Abbildung in dieser Leseprobe nicht enthalten
Abbildung 2: Netto-Wohlfahrtsverlust aufgrund von Monopolmacht Quelle: Eigene Darstellung (in Anlehnung an Pindyck, Robert; et al. „ Mikro ö konomie “ )
2.3. Voraussetzungen für Preisdiskriminierung
Damit Unternehmen Zusatzumsätze durch Preisdiskriminierung realisieren können, müssen gewisse Voraussetzungen herrschen. Zum einen müssen Unternehmen über eine gewisse Marktmacht verfügen, folglich ein Monopol oder Oligopol sein (Varian 1989). Möglich ist Preisdiskriminierung aber auch auf kompetitiven Märkten mit Informationsasymmetrie (Zinnbauer 2001). Weiterhin braucht es eine Heterogenität der Zahlungsbereitschaften. D.h. die Konsumenten (-gruppen) müssen, egal wie sie differenziert werden oder ob sie sich selbst selektieren, bereit sein, unterschiedliche Preise zu zahlen und ihre Zahlungsbereitschaft muss sich mit zunehmender Konsummenge verringern. Dabei darf die Möglichkeit zur Arbitrage durch den Handel der Güter zwischen den Konsumenten nicht vorhanden sein. Mögliche Formen um dies zu erreichen sind personalisierte Tickets, hohe Transportkosten oder Produktdifferenzierung. Drittens müssen die Konsumentengruppen unterscheidbar sein, entweder durch eine Selbstselektion ihrerseits oder durch beobachtbare Signale bzw. Merkmale. Weiterhin dürfen die Kosten der Identifikation, Isolierung und Kontrolle der Teilmärkte nicht größer sein als der zusätzlich erzielte Erlös (Zinnbauer 2001). Nicht unbedingt Voraussetzung aber relevant ob und in welcher Form Preisdiskriminierung durchgeführt wird, ist die Menge und Qualität an Informationen, die Unternehmen über Konsumenten und Wettbewerber haben. Hätte ein Monopolist perfektes Wissen über die Wertschätzung der Nachfrager für sein Produkt, sollte er personalisierte Preise setzen und somit eine erstgradige Preisdiskriminierung wählen (Armstrong 2006). Der Umkehrschluss daraus ist: wollen die Nachfrager verhindern, ihre Konsumentenrente an einen Monopolisten abtreten zu müssen, sollten sie ihre privaten Daten schützen (Armstrong 2006).

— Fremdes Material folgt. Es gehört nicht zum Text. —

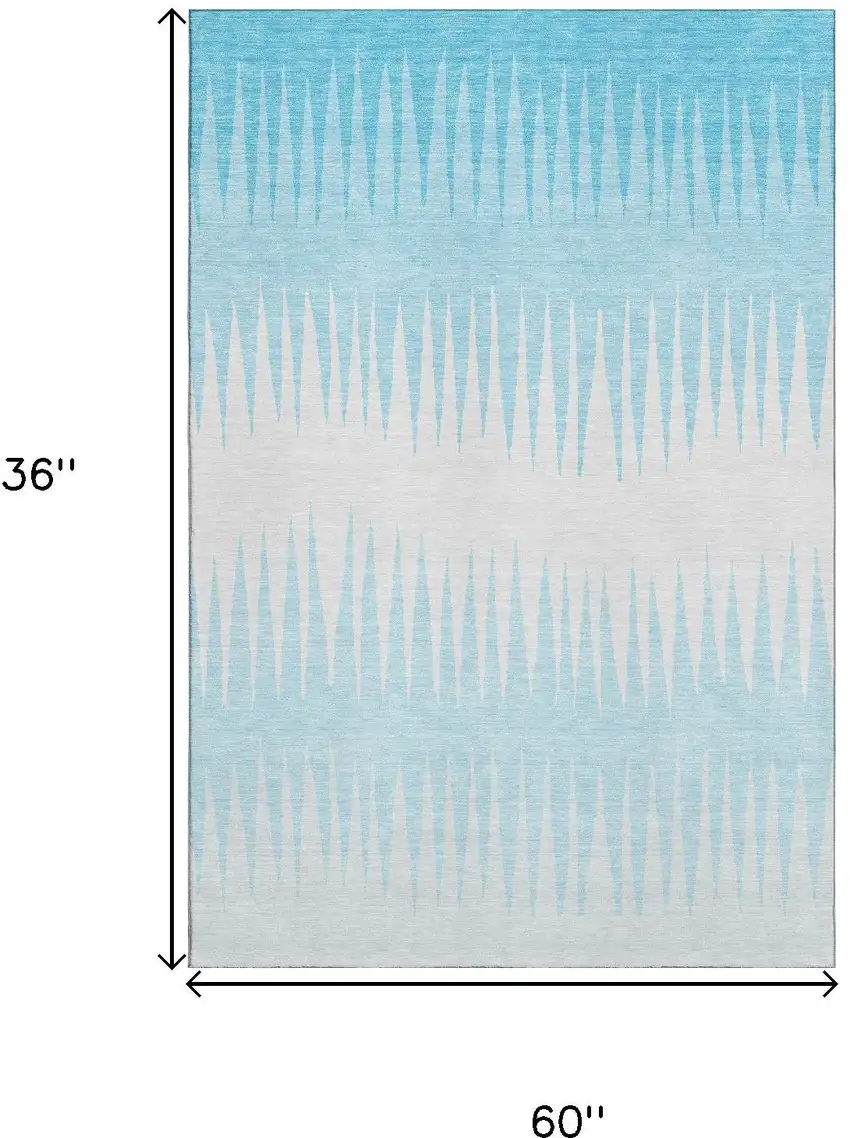 Sky Blue And Ivory Striped Washable Area Rug With UV Protection Photo 3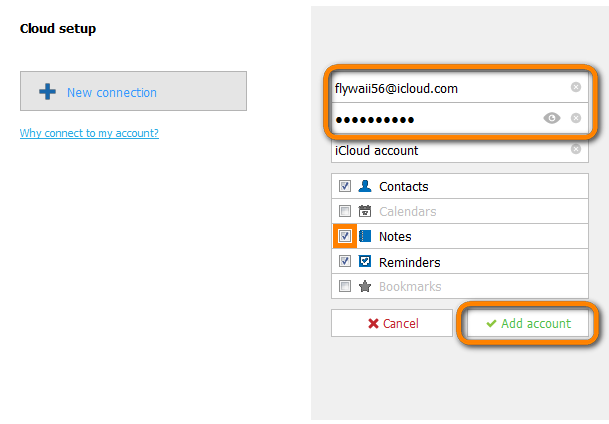 enter apple id and password to connect icloud notes account
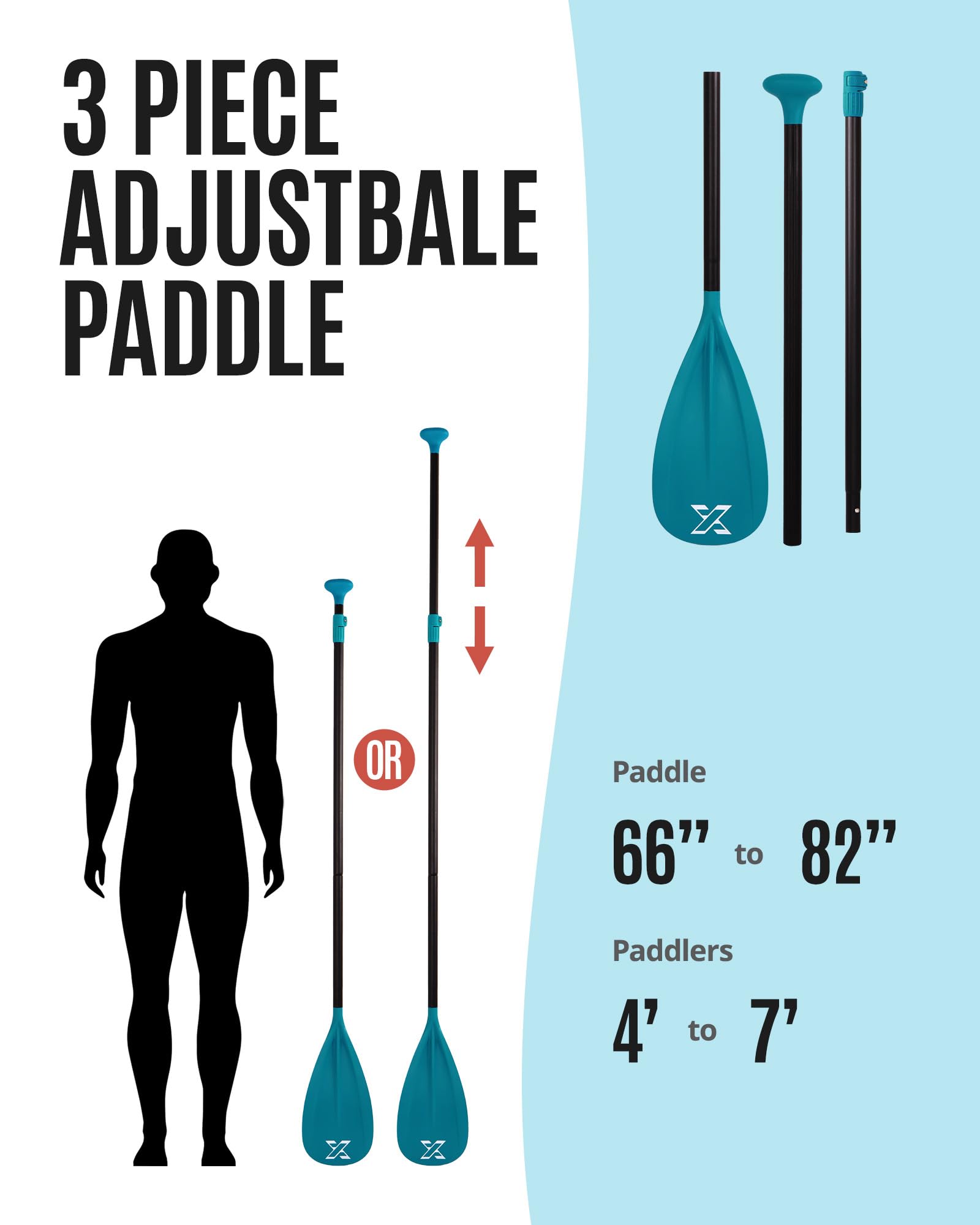 ZLX Adjustable Aluminum SUP Paddle - Leichtes Gewicht, ergonomischer T-Griff, schnelle Montage und langlebige Klingen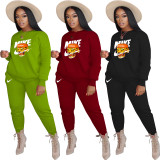 Solid Color Printed Sweatshirt Two Piece Outfits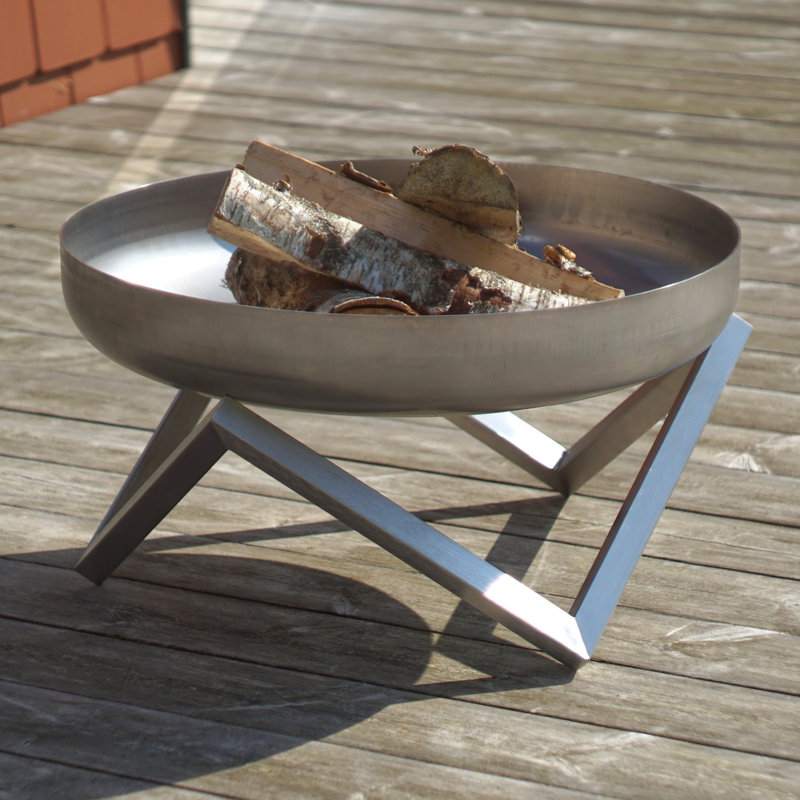 Round Fire Pit, Silver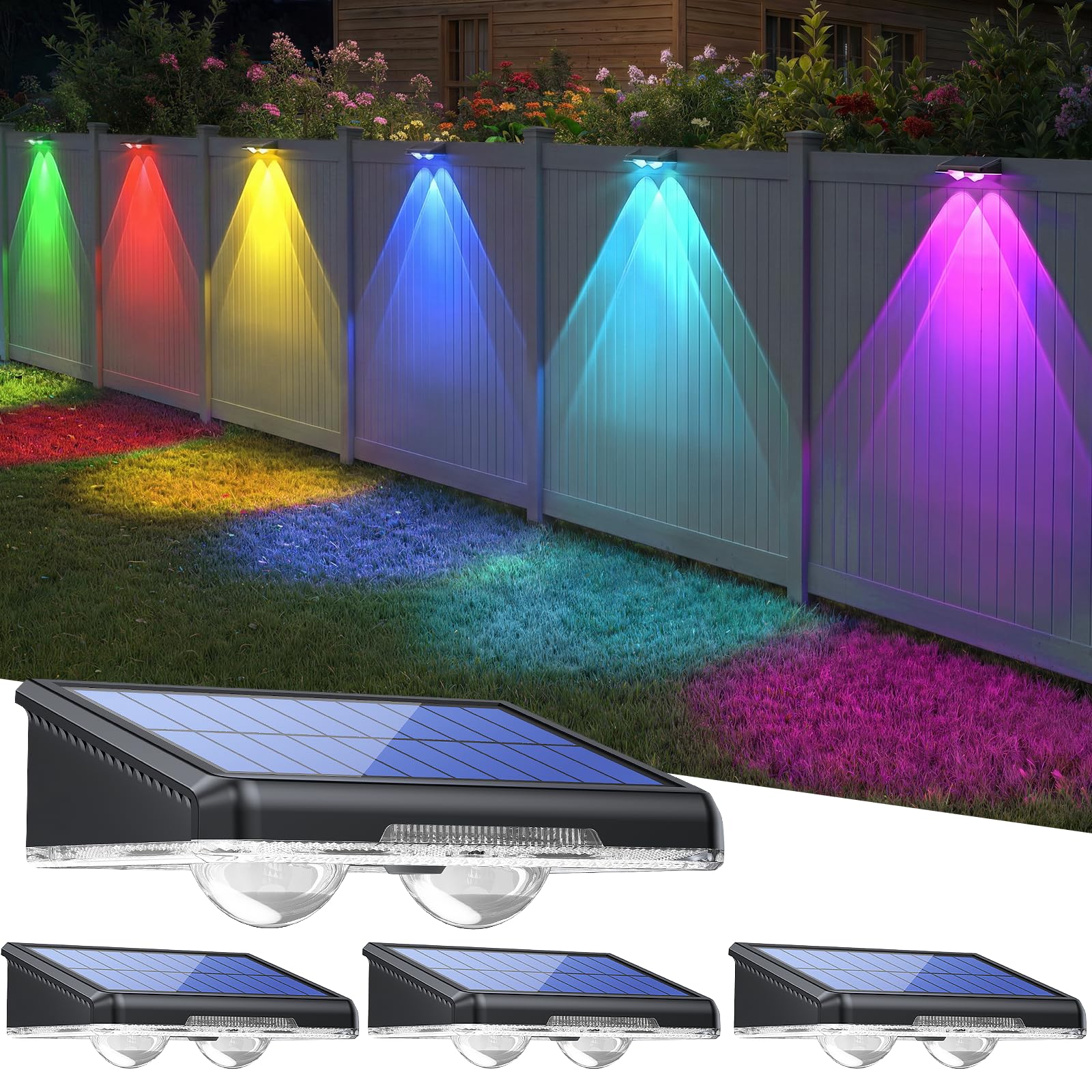 TECKNET Solar Fence Lights Outdoor Garden, 4 Pack Solar Wall Lights Outdoor IP65 Waterproof, Bright Solar Powered Garden Fence Lights RGB Mode for Outside Deck Patio Decking Gate Yard Decoration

2.4. Formen der Preisdiskriminierung
2.4.1. Preisdiskriminierung ersten Grades
2.4.1.1. Perfekte Preisdiskriminierung
Bei der Preisdiskriminierung ersten Grades spricht man von einer perfekten Preisdiskriminierung. Es handelt sich um ein idealisiertes Konzept, eine theoretische Extremsituation, bei der ein Unternehmen mit Marktmacht die gesamte Konsumentenrente abschöpft (Walz 2012). Bei dieser pareto-effizienten Art der Preisdifferenzierung wird jede Einheit eines Produktes oder einer Dienstleistung zu der maximalen Zahlungsbereitschaft, dem Reservationspreis, eines jeden Nachfragers angeboten, solange diese über den Grenzkosten des Unternehmens liegt. Die Einführung einer Preisdiskriminierung ersten Grades im Monopol führt zur Gewinnmaximierung für das Unternehmen und gleichzeitig zu einer Steigerung der Wohlfahrt für die Allgemeinheit (Stole 2000). Die notwendige Voraussetzung für dieses theoretische Konstrukt ist die Annahme, dass keine Güterarbitrage möglich ist, also das Gut oder die Dienstleistung nicht an anderer Stelle günstiger zu haben ist. In der Realität findet sie allerdings selten Anwendung, da der Aufwand und die resultierenden Kosten, um die individuellen Reservationspreise zu erfragen, den zusätzlichen Umsatz kaum rechtfertigen. Am nächsten kommt man der Preisdiskriminierung ersten Grades wohl bei Auktionen: Möchte ein Interessent einen Gegenstand erwerben, wird er bis zu seinem Reservationspreis mitbieten. Die zusätzlichen Kosten für das Auktionshaus, bzw. den Auftraggeber sind gering, findet die Auktion automatisiert im Internet statt, wie z.B. bei eBay, sind praktisch gar keine Mehrkosten vorhanden.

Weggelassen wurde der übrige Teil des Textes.